**DIRECTIONS FOR THIS TASK**
Return the entries exactly as they appear.

**DATA TO EXAMINE**
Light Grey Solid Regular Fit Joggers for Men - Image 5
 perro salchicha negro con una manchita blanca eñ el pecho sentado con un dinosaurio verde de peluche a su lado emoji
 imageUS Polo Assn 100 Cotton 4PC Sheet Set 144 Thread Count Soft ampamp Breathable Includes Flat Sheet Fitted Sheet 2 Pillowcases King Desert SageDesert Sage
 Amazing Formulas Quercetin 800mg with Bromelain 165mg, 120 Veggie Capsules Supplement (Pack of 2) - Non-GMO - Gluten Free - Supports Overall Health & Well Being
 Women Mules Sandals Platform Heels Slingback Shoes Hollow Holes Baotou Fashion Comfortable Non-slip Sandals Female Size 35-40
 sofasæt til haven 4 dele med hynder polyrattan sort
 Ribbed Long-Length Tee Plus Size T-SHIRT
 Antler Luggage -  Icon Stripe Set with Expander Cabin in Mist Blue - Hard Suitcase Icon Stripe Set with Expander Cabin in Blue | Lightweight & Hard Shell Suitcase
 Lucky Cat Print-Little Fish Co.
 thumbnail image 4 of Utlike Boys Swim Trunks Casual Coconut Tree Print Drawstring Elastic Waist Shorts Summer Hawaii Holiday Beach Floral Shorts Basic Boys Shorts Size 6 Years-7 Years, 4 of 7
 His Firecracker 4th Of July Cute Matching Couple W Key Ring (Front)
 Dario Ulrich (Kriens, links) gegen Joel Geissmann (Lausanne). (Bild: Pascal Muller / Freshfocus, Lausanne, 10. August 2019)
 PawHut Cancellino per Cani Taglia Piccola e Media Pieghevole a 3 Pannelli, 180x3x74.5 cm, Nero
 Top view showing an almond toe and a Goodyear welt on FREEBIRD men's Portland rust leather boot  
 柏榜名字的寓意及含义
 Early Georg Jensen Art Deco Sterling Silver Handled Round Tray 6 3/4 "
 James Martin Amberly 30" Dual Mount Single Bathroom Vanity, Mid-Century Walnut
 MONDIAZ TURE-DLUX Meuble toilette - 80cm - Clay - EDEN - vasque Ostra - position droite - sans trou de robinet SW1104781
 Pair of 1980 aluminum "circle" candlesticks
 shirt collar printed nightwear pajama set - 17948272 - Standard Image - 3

**RESULT OF THIS TASK**
Light Grey Solid Regular Fit Joggers for Men - Image 5
 perro salchicha negro con una manchita blanca eñ el pecho sentado con un dinosaurio verde de peluche a su lado emoji
 imageUS Polo Assn 100 Cotton 4PC Sheet Set 144 Thread Count Soft ampamp Breathable Includes Flat Sheet Fitted Sheet 2 Pillowcases King Desert SageDesert Sage
 Amazing Formulas Quercetin 800mg with Bromelain 165mg, 120 Veggie Capsules Supplement (Pack of 2) - Non-GMO - Gluten Free - Supports Overall Health & Well Being
 Women Mules Sandals Platform Heels Slingback Shoes Hollow Holes Baotou Fashion Comfortable Non-slip Sandals Female Size 35-40
 sofasæt til haven 4 dele med hynder polyrattan sort
 Ribbed Long-Length Tee Plus Size T-SHIRT
 Antler Luggage -  Icon Stripe Set with Expander Cabin in Mist Blue - Hard Suitcase Icon Stripe Set with Expander Cabin in Blue | Lightweight & Hard Shell Suitcase
 Lucky Cat Print-Little Fish Co.
 thumbnail image 4 of Utlike Boys Swim Trunks Casual Coconut Tree Print Drawstring Elastic Waist Shorts Summer Hawaii Holiday Beach Floral Shorts Basic Boys Shorts Size 6 Years-7 Years, 4 of 7
 His Firecracker 4th Of July Cute Matching Couple W Key Ring (Front)
 Dario Ulrich (Kriens, links) gegen Joel Geissmann (Lausanne). (Bild: Pascal Muller / Freshfocus, Lausanne, 10. August 2019)
 PawHut Cancellino per Cani Taglia Piccola e Media Pieghevole a 3 Pannelli, 180x3x74.5 cm, Nero
 Top view showing an almond toe and a Goodyear welt on FREEBIRD men's Portland rust leather boot  
 柏榜名字的寓意及含义
 Early Georg Jensen Art Deco Sterling Silver Handled Round Tray 6 3/4 "
 James Martin Amberly 30" Dual Mount Single Bathroom Vanity, Mid-Century Walnut
 MONDIAZ TURE-DLUX Meuble toilette - 80cm - Clay - EDEN - vasque Ostra - position droite - sans trou de robinet SW1104781
 Pair of 1980 aluminum "circle" candlesticks
 shirt collar printed nightwear pajama set - 17948272 - Standard Image - 3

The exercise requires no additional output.